Dataset card
Description
FLORES+ devtest set in Halh Mongolian (traditional Mongolian script).
License
CC-BY-SA-4.0
Attribution
The dataset is part of the MiLiC-Eval benchmark proposed in the following paper:
@inproceedings{zhang-etal-2025-milic,
title = "{M}i{L}i{C}-Eval: Benchmarking Multilingual {LLM}s for {C}hina{'}s Minority Languages",
author = "Zhang, Chen and
Tao, Mingxu and
Liao, Zhiyuan and
Feng, Yansong",
editor = "Che, Wanxiang and
Nabende, Joyce and
Shutova, Ekaterina and
Pilehvar, Mohammad Taher",
booktitle = "Findings of the Association for Computational Linguistics: ACL 2025",
month = jul,
year = "2025",
address = "Vienna, Austria",
publisher = "Association for Computational Linguistics",
url = "https://aclanthology.org/2025.findings-acl.578/",
doi = "10.18653/v1/2025.findings-acl.578",
pages = "11086--11102",
ISBN = "979-8-89176-256-5"
}
Also thanks to the following contributors for their help in data verification and correction: Saihantaoli, Sulde, Wang Xingjun.
Language codes
- ISO 639-3: khk
- ISO 15924: Mong
- Glottocode: halh1238
Additional language information
Most existing NLP resources for Mongolian are written in the Cyrillic script, which is primarily used in Mongolia. In this contribution, we include the traditional Mongolian script, which is the official writing system in Inner Mongolia, China, and is also being actively promoted by the government of Mongolia.
Workflow
We first transliterate the existing Cyrillic-script Halh Mongolian data in FLORES+ into the traditional Mongolian script using a transliteration tool developed by Inner Mongolia University (https://ai.nmgoyun.com/#/AI/transform). The transliterated outputs are then manually verified and corrected by native speakers. At present, this process has been completed for the 1,012 sentences in the devtest split.

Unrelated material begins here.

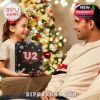Father and daughter sharing a gift moment with the U2-themed advent box, showing it as a family-friendly item that spans generations of music lovers!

Some of the transliterated texts may contain named entities in Latin script (e.g. "National Aeronautics and Space Administration" or "Jai Shankar Choudhary"). Occasionally, the texts in two scripts don't match exactly (e.g. in the Cyrillic version, "National Aeronautics and Space Administration" is rendered in its abbreviated form, "НАСА", but the version in Mongolian script uses the full Latin name).